Home Read Albums Of The Week: David Bowie | Toy:Box

Albums Of The Week: David Bowie | Toy:Box

The Thin White Duke's unreleased album returns on the eve of his 75th birthday.

Maybe you’ve got one of the bootleg editions that popped up over the years. Or maybe you just scored the official version in the Brilliant Adventure box that came out before the holidays. But if you want a standalone copy of David Bowie’s famously shelved 2000 album Toy, you’ll have to shell out for the tree-disc Toy:Box. Is it worth it? Definitely — provided you’re enough of a fan / completist to want a second disc of similar-sounding alternate versions (along with a couple of extras), and a third featuring some surprisingly interesting stripped-down acoustic mixes. If you’d prefer a copy of Toy without all the bells and whistles, well my advice is to sit tight. There’s surely a single-disc version coming down the pipe.

 


THE EDITED PRESS RELEASE: The day before what would have been David Bowie’s 75th birthday (and three days before the sixth anniversary of his untimely and shocking death), his legendary unreleased album Toy gets an official standalone release in the three-CD (or six 10” vinyl) set Toy:Box.

Toy was recorded following David’s triumphant Glastonbury 2000 performance. Bowie entered the studio with his band — Mark Plati, Sterling Campbell, Gail Ann Dorsey, Earl Slick, Mike Garson, Holly Palmer and Emm Gryner — to record new interpretations of songs he’d first recorded from 1964-1971. David planned to record with the band playing live, choose the best takes and release it as soon as possible. Unfortunately, in 2001 the concept of the surprise album and the technology to support it were still years off, making it impossible to release Toy as instantly as David wanted. In the interim, David moved on to something new, which began with a handful of new songs from the same sessions and ultimately became the album Heathen, released in 2002 and now acknowledged as one of his finest moments.

Now, 20 years after its originally planned release, co-producer Plati says, “Toy is like a moment in time captured in an amber of joy, fire and energy. It’s the sound of people happy to be playing music. David revisited and re-examined his work from decades prior through prisms of experience and fresh perspective — a parallel not lost on me as I now revisit it 20 years later. From time to time, he used to say ‘Mark, this is our album’ — I think because he knew I was so deeply in the trenches with him on that journey. I’m happy to finally be able to say it now belongs to all of us.”

The seeds of Toy were first sown in 1999 during the making of an episode of VH-1 Storytellers. David wanted to perform something from his pre-Space Oddity career, so he reached back to 1966 and dusted off Can’t Help Thinking About Me for the first time in 30 years. The song remained in the setlist for the short promotional tour for the hours… album, and in early 2000 David and Plati compiled a list of some of Bowie’s earliest songs to re-record.

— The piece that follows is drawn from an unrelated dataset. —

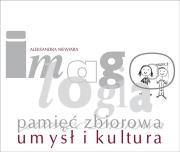 Okładka książki Imagologia - pamięć zbiorowa - umysł i kultura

Toy finishes with a new song from which the album takes its title, Toy (Your Turn To Drive) was constructed from a jam at the end of one of the live takes of I Dig Everything. The track is based around rearranged sections of Campbell’s drums, Dorsey’s bass and sections of Garson’s piano were looped along with a guitar line of Slick’s that was sampled, time stretched and used as a repeating figure. Lastly, some of Holly and Emm’s backing vocals were cut up and reassembled. Says Plati: “As it was culled from I Dig Everything, it makes sense to bookend the album with this track — it’s also a fitting postscript to the Toy era.”

Included in Toy:Box is a set of of Alternatives and Extras, including proposed B-sides (versions of David’s debut single Liza Jane and 1967’s In The Heat Of The Morning), later mixes by Tony Visconti and the Tibet Version of Silly Boy Blue recorded at the time of the 2001 Tibet House show in New York featuring Philip Glass on piano and Moby on guitar.

The third disc features Unplugged & Somewhat Slightly Electric mixes of 13 Toy tracks. “While we were recording the basic tracks, Earl Slick suggested that he and I overdub acoustic guitars on all the songs,” Plati says. “He said this was a Keith Richards trick — sometimes these guitars would be a featured part of the track, and at other times they’d be more subliminal. Later while mixing, David heard one of the songs broken down to just vocals and acoustic guitars; this gave him the idea that we ought to do some stripped-down mixes like that and that maybe one day they’d be useful. Once we put a couple of other elements in the pot, it felt like it could be a completely different record. I was only too happy to finish that thought some two decades after the fact.”